Editorial: Evolution follows revolution

While it goes without saying that the world's second largest IT show had something for everybody, it was the arena of convergence that once again held most of the aces in Taiwan this year. Although failing to match the weird and wonderful wow factor of Computex 2004, there were still plenty of head-turning exhibits to fire the imagination.

Not surprisingly, portable music gadgets of all colours, shapes and sizes were everywhere - one example from Bright Headphone Electronics saw a 256MB MP3 player and FM tuner built into a set of Bluetooth headphones, while another took the form of a wristwatch.

Top Light International was demonstrating pairs of 5W speakers designed for the iPod mini that were small enough to lie next to each other on the open palm of one hand. Puro stood out at the other end of the speaker spectrum with some very cool lounge room designs shaped in a figure eight and manufactured from ceramic.

Digital video recorders, media adapters and TV tuners were in abundance. LCD screens keep getting bigger, and smaller, as do computer cases - the huge gaming chassis were all flashing lights and harsh angles while the mini PCs sported minimalist design elements. This year's show also had a large stand demonstrating wares designed for the car, which was largely dominated by GPS navigation devices and LCD screens. The latter are meant to keep the kids amused in the back but older models of these screens were hitching a ride in the front of some cabs I travelled in.

Hawyang Semiconductor was demonstrating a cool film-like material for use in conjunction with a digital projector. They had a 12-inch piece of this material stuck to a sheet of glass and were projecting a Kylie concert through it. They were obviously big fans of Ms Minogue because she seemed to be on loop for the entire show. Hawyang director, Vincent Lee, said the material was washable, would be just as effective if stuck to a wall at home and could be bought in sheets up to 80 inches in diameter.

CyberLink was showing an impressive suite of multimedia software capable of everything from red-eye reduction and one-click colour optimisation for digital photos to background noise reduction and image editing tools for home videos.
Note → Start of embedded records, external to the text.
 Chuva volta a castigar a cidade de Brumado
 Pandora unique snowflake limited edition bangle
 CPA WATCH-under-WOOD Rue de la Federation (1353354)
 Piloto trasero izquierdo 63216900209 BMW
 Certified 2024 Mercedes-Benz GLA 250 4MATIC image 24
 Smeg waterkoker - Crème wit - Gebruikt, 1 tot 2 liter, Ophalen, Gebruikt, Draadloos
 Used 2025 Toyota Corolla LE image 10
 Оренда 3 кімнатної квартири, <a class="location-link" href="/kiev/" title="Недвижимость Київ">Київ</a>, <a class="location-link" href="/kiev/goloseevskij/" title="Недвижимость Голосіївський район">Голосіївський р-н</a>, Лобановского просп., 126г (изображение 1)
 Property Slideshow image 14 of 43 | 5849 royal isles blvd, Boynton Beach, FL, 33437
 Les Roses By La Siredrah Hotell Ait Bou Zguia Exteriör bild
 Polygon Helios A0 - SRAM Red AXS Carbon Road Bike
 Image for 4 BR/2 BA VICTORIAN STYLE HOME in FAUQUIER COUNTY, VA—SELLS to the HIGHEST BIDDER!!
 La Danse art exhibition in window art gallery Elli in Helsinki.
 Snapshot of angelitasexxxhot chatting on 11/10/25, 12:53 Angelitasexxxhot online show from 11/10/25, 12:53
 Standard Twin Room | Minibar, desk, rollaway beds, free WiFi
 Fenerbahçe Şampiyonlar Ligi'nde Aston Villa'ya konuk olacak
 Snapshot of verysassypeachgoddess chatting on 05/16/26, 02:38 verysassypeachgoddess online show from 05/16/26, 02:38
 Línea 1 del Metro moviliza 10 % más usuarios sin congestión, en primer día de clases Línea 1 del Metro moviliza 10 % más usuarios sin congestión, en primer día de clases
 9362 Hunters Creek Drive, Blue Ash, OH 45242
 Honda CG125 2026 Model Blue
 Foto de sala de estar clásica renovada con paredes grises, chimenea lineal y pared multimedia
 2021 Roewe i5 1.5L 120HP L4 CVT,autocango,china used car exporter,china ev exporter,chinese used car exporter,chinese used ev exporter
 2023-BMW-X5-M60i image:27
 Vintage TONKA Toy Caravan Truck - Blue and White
While 12 months is a long time in product development cycles, some things at Computex never change. The battle to attract attention in the components hall was once again fought more fiercely than elsewhere, with all the major players employing legions of beautiful young girls to bring the crowds flocking to their displays. It isn't a sophisticated ploy but it works a treat - you could always tell where the latest vendor-promoting karaoke performance was underway because each seemed to generate more camera flashes than an Olympic track final.

If last year's event was one of revolution, Computex 2005 suggested evolution as the industry becomes more comfortable with developing and promoting the digital lifestyle. Imagination is the only real barrier to what can be achieved and few nations are driving the concept as enthusiastically or effectively as the Taiwanese.

There are obviously still plenty of standardisation issues to be addressed, especially on the hardware side, but that process is well underway. If the digital lifestyle is to become more widely accepted, more quality content that is easily accessible will be the key.